An OPEC+ technical panel has recommended a provisional cut in oil output of 600,000 barrels per day (bpd) in response to the coronavirus' impact on energy demand as it awaits Russia's final position on the proposal, two sources said.
The Joint Technical Committee (JTC) is not a decision-making body but does advise the Organization of the Petroleum Exporting Countries (OPEC) and its allies led by Russia, a grouping known as OPEC+.
OPEC+ ministers have not decided on further action, but the recommendation on Thursday by all the members of the JTC, which includes Saudi Arabia and Russia, would signal progress towards a decision.
"The recommendation is for a cut of 600,000 bpd. Russia has asked for more time for consultations," one of the sources said.
The OPEC+ ministers have yet to decide on whether to bring forward their upcoming policy meeting to February from March 5-6, the sources said.
The JTC panel extended its meeting into a third day on Thursday after Russia voiced its opposition to a deeper supply cut and was instead suggesting an extension of current cuts.
In past years, Russia has regularly signalled opposition to OPEC before ultimately agreeing on policy during formal meetings.
Oil prices have fallen by more than $11 a barrel this year to $55, alarming producers.
Saudi Arabia, OPEC's de-factor leader, and other OPEC members are worried that the continued spread of the virus could hit oil demand and prices further, the sources said.
Steps which OPEC+ is weighing include further output cuts, extending cuts due to expire in March, and moving forward its planned policy meeting.
OPEC sources said the meeting was unlikely to be brought forward unless there was general agreement on the need to reduce output further.
OPEC+ is currently cutting output by 1.7 million bpd.

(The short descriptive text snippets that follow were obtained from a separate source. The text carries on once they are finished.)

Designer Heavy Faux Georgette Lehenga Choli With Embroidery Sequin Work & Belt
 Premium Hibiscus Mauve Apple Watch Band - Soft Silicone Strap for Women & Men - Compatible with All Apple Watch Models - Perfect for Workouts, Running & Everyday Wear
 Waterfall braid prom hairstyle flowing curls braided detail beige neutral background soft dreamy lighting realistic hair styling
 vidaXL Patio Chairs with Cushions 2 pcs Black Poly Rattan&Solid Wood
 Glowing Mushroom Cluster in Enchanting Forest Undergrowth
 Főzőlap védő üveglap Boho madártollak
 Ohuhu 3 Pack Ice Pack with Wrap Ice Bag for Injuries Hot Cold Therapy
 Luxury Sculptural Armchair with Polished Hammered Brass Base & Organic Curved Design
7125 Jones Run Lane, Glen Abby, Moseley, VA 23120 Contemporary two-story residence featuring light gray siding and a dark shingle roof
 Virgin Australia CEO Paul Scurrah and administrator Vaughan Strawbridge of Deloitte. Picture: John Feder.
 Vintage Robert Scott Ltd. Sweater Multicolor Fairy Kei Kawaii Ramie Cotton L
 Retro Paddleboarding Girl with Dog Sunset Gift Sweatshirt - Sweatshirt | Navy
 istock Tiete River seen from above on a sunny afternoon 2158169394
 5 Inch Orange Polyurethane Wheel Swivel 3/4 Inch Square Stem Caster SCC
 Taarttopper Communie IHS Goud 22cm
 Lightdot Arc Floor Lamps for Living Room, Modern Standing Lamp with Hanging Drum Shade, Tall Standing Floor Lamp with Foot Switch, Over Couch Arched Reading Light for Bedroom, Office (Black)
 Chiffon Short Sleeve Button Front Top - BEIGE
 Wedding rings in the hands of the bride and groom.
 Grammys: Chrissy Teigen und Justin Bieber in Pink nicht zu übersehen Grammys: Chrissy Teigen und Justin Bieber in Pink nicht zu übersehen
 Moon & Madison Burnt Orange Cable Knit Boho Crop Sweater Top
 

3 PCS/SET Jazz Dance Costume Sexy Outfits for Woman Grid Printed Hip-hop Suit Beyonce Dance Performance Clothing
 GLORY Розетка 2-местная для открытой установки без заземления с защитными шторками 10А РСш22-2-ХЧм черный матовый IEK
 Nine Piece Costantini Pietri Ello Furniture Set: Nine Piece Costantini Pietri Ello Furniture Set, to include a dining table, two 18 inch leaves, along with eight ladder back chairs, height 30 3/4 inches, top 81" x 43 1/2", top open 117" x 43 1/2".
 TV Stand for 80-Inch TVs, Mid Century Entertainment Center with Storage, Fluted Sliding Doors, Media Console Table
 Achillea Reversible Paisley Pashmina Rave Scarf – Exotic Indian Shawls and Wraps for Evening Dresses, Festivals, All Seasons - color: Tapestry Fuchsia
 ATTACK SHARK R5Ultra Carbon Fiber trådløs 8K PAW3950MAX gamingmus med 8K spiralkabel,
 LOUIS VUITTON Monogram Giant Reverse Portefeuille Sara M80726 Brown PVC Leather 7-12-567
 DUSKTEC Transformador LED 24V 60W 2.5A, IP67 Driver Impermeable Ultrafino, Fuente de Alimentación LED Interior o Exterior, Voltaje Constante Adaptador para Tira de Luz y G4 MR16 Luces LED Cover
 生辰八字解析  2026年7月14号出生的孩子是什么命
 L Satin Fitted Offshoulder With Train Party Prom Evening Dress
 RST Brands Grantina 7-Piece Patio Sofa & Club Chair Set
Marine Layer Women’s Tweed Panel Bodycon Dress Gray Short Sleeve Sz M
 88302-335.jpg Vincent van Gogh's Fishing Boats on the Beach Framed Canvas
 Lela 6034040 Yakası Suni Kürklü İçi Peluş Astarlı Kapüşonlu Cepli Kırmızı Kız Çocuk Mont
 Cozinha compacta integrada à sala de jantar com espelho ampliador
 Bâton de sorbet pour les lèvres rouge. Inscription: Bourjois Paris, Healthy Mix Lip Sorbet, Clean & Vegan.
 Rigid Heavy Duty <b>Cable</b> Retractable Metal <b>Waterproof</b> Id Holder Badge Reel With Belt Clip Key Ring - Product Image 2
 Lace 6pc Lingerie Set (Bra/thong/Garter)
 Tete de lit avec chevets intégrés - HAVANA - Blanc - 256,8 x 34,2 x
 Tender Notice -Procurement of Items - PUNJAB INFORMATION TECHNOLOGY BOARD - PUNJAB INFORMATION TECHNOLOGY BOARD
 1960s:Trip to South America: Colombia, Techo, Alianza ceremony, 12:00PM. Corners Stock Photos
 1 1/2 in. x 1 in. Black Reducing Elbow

While OPEC countries such as Iraq, OPEC's second-largest producer, have voiced support for any agreement that would stabilise the market, Russian Energy Minister Alexander Novak said on Tuesday he could not say for sure whether it was time to tighten output further.
The economic slowdown resulting from the virus outbreak is expected to reduce 2020 global demand growth by 300,000-500,000 bpd, or roughly 0.5%, BP Chief Financial Officer Brian Gilvary said on Tuesday.
Oil futures rose for a second day on Thursday amid investor optimism over unconfirmed media reports of possible advances in combating the coronavirus outbreak in China.
Brent futures were up 43 cents to $55.71 a barrel by 0942 GMT. U.S. West Texas Intermediate (WTI) futures were up 69 cents to $51.44.